Many years later: Granddaughter is 75 now, and getting a little too brittle for Robin’s jackhammer-like sexual technique. She understandably longs for death, so Robin transfuses his system with a chemical solution that will cause his body, over time, to acquire age make-up and a white wig.
Many more years go by. Now wizened, he goes before the U.N. (whose members are composed entirely of chorus boys from Janet Jackson’s "Rhythm Nation" video) and asks to be declared a mediocre actor. Then he dies. Granddaughter asks to be unplugged from her life support, and dies beside Robin, secure in the knowledge that at least she won’t be seeing him in the afterlife.
* * * * *
Bicentennial Man: a thought-provoking exploration of just what it means to be human, but also a sociological fable which asks the important question, "Just what kind of screwed-up future society would manufacture robots modeled on Robin Williams?" More than one, apparently, since Bicentennial Man wasn’t Robin’s only robot movie. No, he also lent his voice to A.I.: Artificial Intelligence, the film which showed us that in the future, abandoned Haley Joel Osment mecha-sons, Jude Law brand "Gigolo Joes," and other feral androids will infest our national parks. It apparently started when Bush rescinded the Clinton-era regulation banning snowmobiles in Yellowstone—and the next thing you know we've got kevlar-plated androids using Old Faithful as a bidet. Remember to take plenty of ‘bot repellent on your next vacation.

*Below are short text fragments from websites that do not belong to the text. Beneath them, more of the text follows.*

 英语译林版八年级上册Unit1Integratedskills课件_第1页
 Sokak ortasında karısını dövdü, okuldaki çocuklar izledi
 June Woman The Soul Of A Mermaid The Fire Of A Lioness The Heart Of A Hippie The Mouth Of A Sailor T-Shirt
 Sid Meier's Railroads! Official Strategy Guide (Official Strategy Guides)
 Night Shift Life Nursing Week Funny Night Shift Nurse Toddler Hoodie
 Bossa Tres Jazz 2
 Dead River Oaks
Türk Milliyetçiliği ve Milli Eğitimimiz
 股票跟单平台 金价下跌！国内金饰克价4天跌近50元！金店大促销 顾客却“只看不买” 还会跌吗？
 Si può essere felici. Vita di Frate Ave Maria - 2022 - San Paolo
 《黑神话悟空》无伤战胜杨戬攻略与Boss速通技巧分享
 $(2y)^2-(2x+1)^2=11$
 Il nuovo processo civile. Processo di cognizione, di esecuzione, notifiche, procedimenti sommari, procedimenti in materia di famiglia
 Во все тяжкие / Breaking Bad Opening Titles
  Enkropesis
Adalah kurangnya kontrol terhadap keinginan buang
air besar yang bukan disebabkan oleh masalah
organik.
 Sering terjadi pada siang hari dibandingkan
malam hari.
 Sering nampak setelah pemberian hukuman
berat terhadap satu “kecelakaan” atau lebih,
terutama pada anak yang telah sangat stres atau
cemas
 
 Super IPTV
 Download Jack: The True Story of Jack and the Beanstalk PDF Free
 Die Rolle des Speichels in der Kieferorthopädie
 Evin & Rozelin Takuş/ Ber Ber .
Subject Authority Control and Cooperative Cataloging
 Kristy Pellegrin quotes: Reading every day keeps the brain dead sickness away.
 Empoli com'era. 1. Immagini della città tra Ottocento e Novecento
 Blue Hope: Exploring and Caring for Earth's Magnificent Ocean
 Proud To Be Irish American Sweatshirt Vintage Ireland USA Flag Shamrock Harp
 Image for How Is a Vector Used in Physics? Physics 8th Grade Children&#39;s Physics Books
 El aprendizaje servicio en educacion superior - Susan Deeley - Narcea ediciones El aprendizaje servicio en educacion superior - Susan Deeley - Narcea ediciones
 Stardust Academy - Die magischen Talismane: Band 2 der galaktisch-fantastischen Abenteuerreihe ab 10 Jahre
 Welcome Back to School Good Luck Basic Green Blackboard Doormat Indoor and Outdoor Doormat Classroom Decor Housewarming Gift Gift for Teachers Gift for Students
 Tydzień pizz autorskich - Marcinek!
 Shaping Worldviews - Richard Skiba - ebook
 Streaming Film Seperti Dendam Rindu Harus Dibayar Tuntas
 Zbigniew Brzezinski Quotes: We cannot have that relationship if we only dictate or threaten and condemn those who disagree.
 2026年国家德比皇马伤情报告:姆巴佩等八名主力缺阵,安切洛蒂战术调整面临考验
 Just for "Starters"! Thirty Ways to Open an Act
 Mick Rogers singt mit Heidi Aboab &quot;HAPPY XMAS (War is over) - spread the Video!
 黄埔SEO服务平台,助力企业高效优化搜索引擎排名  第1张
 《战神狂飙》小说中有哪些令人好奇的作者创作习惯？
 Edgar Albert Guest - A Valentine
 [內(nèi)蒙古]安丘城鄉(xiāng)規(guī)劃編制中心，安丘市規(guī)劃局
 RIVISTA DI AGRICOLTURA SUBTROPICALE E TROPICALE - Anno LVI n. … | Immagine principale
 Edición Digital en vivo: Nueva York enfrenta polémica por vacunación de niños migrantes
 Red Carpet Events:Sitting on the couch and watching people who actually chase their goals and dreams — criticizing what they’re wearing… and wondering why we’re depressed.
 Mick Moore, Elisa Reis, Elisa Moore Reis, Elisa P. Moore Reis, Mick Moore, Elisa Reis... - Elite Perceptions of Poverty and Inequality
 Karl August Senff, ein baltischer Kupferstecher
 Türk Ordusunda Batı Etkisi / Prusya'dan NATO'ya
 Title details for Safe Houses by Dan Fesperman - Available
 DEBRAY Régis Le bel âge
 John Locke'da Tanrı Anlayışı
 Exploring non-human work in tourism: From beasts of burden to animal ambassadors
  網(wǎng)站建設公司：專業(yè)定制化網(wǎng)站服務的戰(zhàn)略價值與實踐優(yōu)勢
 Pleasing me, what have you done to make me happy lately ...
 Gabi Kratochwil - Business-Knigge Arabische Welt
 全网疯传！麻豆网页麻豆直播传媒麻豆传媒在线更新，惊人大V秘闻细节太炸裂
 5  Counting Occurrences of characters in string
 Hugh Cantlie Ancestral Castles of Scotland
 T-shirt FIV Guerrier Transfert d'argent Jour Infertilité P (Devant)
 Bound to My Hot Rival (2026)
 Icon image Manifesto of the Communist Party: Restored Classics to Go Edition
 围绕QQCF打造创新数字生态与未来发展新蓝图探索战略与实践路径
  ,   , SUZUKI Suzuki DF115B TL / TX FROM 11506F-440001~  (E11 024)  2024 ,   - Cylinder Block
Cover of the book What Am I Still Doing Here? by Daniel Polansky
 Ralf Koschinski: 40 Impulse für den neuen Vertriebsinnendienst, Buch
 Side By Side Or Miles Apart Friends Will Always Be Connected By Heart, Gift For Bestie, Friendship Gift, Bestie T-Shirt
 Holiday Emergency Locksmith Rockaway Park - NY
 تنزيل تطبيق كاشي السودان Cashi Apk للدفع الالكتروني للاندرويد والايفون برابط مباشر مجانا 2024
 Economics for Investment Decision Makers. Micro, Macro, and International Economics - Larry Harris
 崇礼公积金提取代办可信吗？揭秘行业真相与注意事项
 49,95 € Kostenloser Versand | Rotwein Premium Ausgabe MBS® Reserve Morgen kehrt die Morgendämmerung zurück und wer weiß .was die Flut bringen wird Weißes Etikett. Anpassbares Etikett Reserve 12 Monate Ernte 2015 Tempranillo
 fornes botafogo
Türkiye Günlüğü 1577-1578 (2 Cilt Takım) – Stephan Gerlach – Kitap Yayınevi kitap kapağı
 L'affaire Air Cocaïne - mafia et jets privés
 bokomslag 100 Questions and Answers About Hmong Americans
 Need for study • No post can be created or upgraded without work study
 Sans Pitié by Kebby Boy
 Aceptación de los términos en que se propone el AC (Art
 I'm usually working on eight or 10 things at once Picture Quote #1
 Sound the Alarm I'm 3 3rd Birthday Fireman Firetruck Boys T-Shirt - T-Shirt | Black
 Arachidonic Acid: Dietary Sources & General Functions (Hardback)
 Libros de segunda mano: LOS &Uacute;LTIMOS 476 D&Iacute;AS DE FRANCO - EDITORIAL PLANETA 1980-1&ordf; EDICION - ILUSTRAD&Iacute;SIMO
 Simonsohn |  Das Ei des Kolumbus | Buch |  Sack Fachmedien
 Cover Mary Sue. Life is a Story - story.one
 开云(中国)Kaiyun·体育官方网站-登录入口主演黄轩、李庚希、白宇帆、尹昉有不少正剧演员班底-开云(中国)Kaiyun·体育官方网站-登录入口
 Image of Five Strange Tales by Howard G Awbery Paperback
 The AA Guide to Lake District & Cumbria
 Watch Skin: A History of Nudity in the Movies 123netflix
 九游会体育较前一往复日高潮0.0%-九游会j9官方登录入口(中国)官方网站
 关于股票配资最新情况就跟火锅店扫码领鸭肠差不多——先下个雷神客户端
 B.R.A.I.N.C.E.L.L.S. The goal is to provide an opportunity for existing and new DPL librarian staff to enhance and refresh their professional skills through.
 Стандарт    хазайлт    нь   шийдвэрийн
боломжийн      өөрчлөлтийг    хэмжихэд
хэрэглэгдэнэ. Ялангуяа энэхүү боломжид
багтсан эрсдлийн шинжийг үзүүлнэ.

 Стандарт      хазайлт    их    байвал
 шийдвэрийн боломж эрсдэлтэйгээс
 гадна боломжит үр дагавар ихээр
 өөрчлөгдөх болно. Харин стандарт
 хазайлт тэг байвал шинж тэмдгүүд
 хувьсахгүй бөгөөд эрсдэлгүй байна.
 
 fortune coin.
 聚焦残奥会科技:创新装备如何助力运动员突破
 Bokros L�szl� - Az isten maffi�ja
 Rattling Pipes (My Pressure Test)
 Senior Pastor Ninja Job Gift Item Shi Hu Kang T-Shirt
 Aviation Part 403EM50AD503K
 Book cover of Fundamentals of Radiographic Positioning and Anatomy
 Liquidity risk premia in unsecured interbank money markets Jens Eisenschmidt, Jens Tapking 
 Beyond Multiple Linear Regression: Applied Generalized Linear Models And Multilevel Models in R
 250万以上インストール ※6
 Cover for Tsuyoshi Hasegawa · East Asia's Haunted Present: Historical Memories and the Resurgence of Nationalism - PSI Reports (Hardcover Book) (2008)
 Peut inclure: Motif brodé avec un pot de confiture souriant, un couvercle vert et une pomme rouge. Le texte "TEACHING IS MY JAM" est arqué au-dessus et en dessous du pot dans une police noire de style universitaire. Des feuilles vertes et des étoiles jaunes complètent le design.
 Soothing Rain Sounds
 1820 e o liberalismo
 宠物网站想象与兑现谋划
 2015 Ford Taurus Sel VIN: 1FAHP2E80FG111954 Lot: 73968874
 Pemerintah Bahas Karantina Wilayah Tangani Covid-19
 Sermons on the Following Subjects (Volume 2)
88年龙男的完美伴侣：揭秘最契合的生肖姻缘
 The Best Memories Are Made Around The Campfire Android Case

There is a bright side, however. Most movies portray robots as libidinous monsters, always terrorizing our women and pulling the heads off our men. A.I., on the other hand, indicates that in the future, women will be the ones exploiting the robots, using them as mere walking, talking vibrators that look like Oscar Wilde’s lover. So, ladies, decide who you’d rather do: Twiki, Robby, or the Cylon’s Imperious Leader.
Now, to conclude our lesson on robot/human relations, let’s review what we’ve learned from the three movies we’ve studied: Colossus of NY taught us that robots are inflamed by negligees, are against humanitarian aid to third world nations, and are prone to vote Republican. In Saturn 3 we discovered that robots possessing human gray matter would inevitably lust after blonde floozies and spend all their money on flocking and novelty headgear. And Bicentennial Man showed us that robots lacking penises would just buy them on the street and then marry your daughter anyway. We think the lesson is clear: vote YES on Proposition 12, penises for robots; but vote NO on Proposition 13, which would admit them to the U.N. and give them Harvey Keitel’s brain.
But enough about the robots, what about us? What do these films teach us about how our own society’s view of technology has evolved?
In the Fifties, robots lacked souls. Consequently, they were prone to fratricide, megalomania, and violent killing sprees (although they were good with kids). In the Seventies, human/robot hybrids wanted to share in the free love movement--and to kill a few people, just for old time’s sake. In the late Nineties, robots had ditched the brain tissue and were now actually better human beings than people were. You've come a long way, baby! But plus ca change, plus c'est la meme chose–because even with no meat in the can, the modern Hollywood robot still has a bad case of Jungle Fever. So if even if you enjoy doing housework in the nude, we’d advise you to wear some clothes around your Roomba, or you might find your husband’s severed head riding around the house on your robot vacuum.